What you need to do is retype every entry exactly as written.

** Opening RECORDS TO USE block **

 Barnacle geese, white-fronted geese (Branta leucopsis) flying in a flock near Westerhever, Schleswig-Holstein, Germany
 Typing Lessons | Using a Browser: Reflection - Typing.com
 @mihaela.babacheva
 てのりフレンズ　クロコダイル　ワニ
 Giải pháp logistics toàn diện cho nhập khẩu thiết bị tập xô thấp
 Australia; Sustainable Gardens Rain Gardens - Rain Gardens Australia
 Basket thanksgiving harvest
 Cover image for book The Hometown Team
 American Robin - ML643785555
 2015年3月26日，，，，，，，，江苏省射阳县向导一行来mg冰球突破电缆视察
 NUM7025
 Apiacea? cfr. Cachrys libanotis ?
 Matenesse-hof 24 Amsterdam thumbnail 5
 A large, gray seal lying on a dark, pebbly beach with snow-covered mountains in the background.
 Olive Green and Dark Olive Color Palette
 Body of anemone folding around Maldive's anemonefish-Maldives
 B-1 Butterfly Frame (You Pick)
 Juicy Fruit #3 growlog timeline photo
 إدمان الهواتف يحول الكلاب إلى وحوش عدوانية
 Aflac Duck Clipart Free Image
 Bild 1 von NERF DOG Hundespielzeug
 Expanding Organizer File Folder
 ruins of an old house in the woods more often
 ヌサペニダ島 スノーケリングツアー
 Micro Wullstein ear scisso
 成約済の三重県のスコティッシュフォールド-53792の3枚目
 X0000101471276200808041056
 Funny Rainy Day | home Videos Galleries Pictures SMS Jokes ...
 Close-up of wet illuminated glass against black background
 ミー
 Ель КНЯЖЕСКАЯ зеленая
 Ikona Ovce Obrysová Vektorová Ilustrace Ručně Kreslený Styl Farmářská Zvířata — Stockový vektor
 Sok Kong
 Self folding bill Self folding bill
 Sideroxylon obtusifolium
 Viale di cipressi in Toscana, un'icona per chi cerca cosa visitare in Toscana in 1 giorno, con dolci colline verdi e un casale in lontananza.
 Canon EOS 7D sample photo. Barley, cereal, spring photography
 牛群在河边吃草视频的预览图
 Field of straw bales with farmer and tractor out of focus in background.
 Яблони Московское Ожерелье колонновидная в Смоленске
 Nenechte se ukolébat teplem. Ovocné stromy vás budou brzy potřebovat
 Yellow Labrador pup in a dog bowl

** Closing RECORDS TO USE block **

YOUR RESPONSE:
 Barnacle geese, white-fronted geese (Branta leucopsis) flying in a flock near Westerhever, Schleswig-Holstein, Germany
 Typing Lessons | Using a Browser: Reflection - Typing.com
 @mihaela.babacheva
 てのりフレンズ　クロコダイル　ワニ
 Giải pháp logistics toàn diện cho nhập khẩu thiết bị tập xô thấp
 Australia; Sustainable Gardens Rain Gardens - Rain Gardens Australia
 Basket thanksgiving harvest
 Cover image for book The Hometown Team
 American Robin - ML643785555
 2015年3月26日，，，，，，，，江苏省射阳县向导一行来mg冰球突破电缆视察
 NUM7025
 Apiacea? cfr. Cachrys libanotis ?
 Matenesse-hof 24 Amsterdam thumbnail 5
 A large, gray seal lying on a dark, pebbly beach with snow-covered mountains in the background.
 Olive Green and Dark Olive Color Palette
 Body of anemone folding around Maldive's anemonefish-Maldives
 B-1 Butterfly Frame (You Pick)
 Juicy Fruit #3 growlog timeline photo
 إدمان الهواتف يحول الكلاب إلى وحوش عدوانية
 Aflac Duck Clipart Free Image
 Bild 1 von NERF DOG Hundespielzeug
 Expanding Organizer File Folder
 ruins of an old house in the woods more often
 ヌサペニダ島 スノーケリングツアー
 Micro Wullstein ear scisso
 成約済の三重県のスコティッシュフォールド-53792の3枚目
 X0000101471276200808041056
 Funny Rainy Day | home Videos Galleries Pictures SMS Jokes ...
 Close-up of wet illuminated glass against black background
 ミー
 Ель КНЯЖЕСКАЯ зеленая
 Ikona Ovce Obrysová Vektorová Ilustrace Ručně Kreslený Styl Farmářská Zvířata — Stockový vektor
 Sok Kong
 Self folding bill Self folding bill
 Sideroxylon obtusifolium
 Viale di cipressi in Toscana, un'icona per chi cerca cosa visitare in Toscana in 1 giorno, con dolci colline verdi e un casale in lontananza.
 Canon EOS 7D sample photo. Barley, cereal, spring photography
 牛群在河边吃草视频的预览图
 Field of straw bales with farmer and tractor out of focus in background.
 Яблони Московское Ожерелье колонновидная в Смоленске
 Nenechte se ukolébat teplem. Ovocné stromy vás budou brzy potřebovat
 Yellow Labrador pup in a dog bowl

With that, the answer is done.